And the multitude of men and women who believed in the Lord, was more increased: Insomuch that they brought forth the sick into the streets, and laid them on beds and couches, that when Peter came, his shadow at the least, might overshadow any of them, and they might be delivered from their infirmities.

-- about which the Roman Breviary says “if the shadow of [St. Peter’s] body could then bring help, how much more now the fullness of power?...Rightly is that iron of the chains of punishment considered to be more precious than gold throughout the churches of Christ.”

Pope St. Leo built a church to house these chains, a church known in Rome as San Pietro in Vincoli. Consecrated in A.D. 439 by Pope Sixtus III, it was the building of this basilica that inspired the Feast celebrated today. But there are many reasons to keep this feast and recall St. Peter's liberation; the Golden Legend lists a few, and among them is this:

The fourth cause of the institution of this feast may be assigned here in this wise. For our Lord delivered S. Peter out of his chains by miracle, and gave him power to bind and to unbind. For we be holden and bounden unto the bond of sin and have need to be assoiled. Therefore we worship the solemnity of the chains aforesaid. For as he deserved to be unbound of the bonds of his chains, so received he power of our Lord Jesu Christ to assoil us.
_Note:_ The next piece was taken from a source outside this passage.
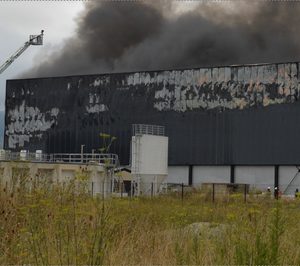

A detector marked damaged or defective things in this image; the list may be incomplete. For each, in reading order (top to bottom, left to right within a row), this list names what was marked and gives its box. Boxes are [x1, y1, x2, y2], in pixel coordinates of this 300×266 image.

One of the antiphons of today's Divine Office recounts what is said to have happened when St. Peter escaped his imprisonment in Rome: he was liberated by St. Processus and St. Martinian, and was told to leave before he could be recaptured and killed. On his route down the Appian Way to the port of Brindisi, where he wanted to get on a ship and head back to the Middle East, he met Christ. Shocked, he asked Him, "Domine, quo vadis?" ("Lord, where are you going?"). Jesus replied to him, "Venio Romam iterum crucifigi. ("I'm going to Rome to be crucified again.") At those words, St. Peter returned to Rome and embraced his martyrdom.







The Seven Machabees

The day is also focused on the seven Holy Machabees, members of a family whose story is recounted in the two Books of Machabees, which cover the years between 175 and 135 B.C. The Machabees were a priestly family that led Israel to keep the faith while under the yoke of Seleucid Empire. They were a family of fighters -- their name, which you'll also see spelled as "Maccabees," means "Hammer" -- and the aspect of their story that's relevant to today's feast is the martyrdom of seven particular Machabees -- the seven brothers and their mother.

The story begins when an old scribe named Eleazar was told he must eat pork, in violation of the law. He refused. And those who stood by, watching, took some pity on him and, so, tried to get him to merely feign obedience to the king by eating meat that just looked like pork. But Eleazar, as II Machabees 6:23-26 tells us,

began to consider the dignity of his age, and his ancient years, and the inbred honour of his grey head, and his good life and conversation from a child: and he answered without delay, according to the ordinances of the holy law made by God, saying, that he would rather be sent into the other world. For it doth not become our age, said he, to dissemble: whereby many young persons might think that Eleazar, at the age of fourscore and ten years, was gone over to the life of the heathens. And so they, through my dissimulation, and for a little time of a corruptible life, should be deceived, and hereby I should bring a stain and a curse upon my old age. For though, for the present time, I should be delivered from the punishments of men, yet should I not escape the hand of the Almighty neither alive nor dead.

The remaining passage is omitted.